Astra Zeneca, the company that has developed anifrolumab, says it hopes it will be available to NHS patients in the UK over the next two to three years.

A patient whose life has already been transformed is 45-year-old Sam Coates from Leeds. Until recently, Sam lived like a virtual hermit and spent much of her time at home for fear of showing others the red, angry rash that covered her face.

The mother of two was diagnosed with lupus at the age of 25 after she noticed a red rash on her cheeks.

Her doctor diagnosed rosacea – a common skin complaint in adult men and women – and gave her a cream that only made it worse.

She soon noticed that her knees, fingers and wrists hurt all the time.

“I couldn’t even get a cup of tea and felt so tired that I would fall asleep during the day,” she says.

“I must have visited my doctor 30 times in just eight months before I was finally referred to a rheumatologist, who did blood tests and diagnosed lupus. I had never heard of it. “

Sam was given a high dose of oral steroids and began to feel better within a few weeks.

The joint pain eased, her hands worked well again, and she began to regain her energy. But in the following years, she needed increasingly higher doses of the medication to alleviate the symptoms.

Sam also received seven stones in the course of her illness – a common side effect of steroids.

“My weight became so bad that I started developing osteoarthritis with early onset. And if I even went in the sun for a few minutes, my face, chest, back and legs would blister. “

So when the opportunity arose in 2017 to participate in a groundbreaking new test, Sam seized it.

She started visiting her local hospital every month to inject the new medicine into a vein in her arm.
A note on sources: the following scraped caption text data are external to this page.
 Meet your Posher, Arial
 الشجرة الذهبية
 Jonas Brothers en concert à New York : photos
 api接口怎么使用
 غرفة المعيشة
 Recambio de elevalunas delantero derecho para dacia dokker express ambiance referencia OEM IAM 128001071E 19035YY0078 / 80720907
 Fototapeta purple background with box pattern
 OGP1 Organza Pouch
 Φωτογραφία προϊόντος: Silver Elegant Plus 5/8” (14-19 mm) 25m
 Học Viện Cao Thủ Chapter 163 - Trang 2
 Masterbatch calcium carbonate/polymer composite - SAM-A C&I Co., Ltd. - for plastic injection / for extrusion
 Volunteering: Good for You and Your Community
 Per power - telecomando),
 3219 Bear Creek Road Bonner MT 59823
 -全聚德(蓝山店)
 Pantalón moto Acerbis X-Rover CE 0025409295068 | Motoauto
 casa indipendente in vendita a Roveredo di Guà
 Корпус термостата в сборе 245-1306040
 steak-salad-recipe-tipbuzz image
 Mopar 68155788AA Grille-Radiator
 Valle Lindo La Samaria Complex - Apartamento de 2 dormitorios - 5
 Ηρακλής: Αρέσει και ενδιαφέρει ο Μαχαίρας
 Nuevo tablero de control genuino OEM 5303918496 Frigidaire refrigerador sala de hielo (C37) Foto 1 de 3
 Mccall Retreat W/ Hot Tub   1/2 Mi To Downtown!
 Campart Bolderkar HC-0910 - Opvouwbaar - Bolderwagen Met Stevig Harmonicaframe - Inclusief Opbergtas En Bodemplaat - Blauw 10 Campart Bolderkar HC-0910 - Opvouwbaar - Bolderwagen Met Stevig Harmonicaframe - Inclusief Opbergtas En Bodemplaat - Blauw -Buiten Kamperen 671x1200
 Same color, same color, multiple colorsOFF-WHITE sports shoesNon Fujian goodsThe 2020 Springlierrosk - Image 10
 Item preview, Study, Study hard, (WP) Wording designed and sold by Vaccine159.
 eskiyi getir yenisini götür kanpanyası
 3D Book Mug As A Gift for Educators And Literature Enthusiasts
After only three or four treatments, she noticed a significant improvement in her health. “The rash dropped, my joints felt less stiff and painful and my weight started to decrease. My skin has been completely clean for over a year now – no trace of a rash.

“I was able to socialize more and enjoy warm summer days by the sea with my family.

“Before I received this new medicine, I couldn’t even hold a pen.”

Sam has reduced her daily dose of steroids from 25 mg to just 5 mg.

“And I’ve lost almost three and a half stones,” she says. “This medicine has completely changed my life.”

Dr. Vital says that much more like Sam could benefit.

“She has had such a terrible time with this disease.

“But the new medicine has made a huge difference in her life.”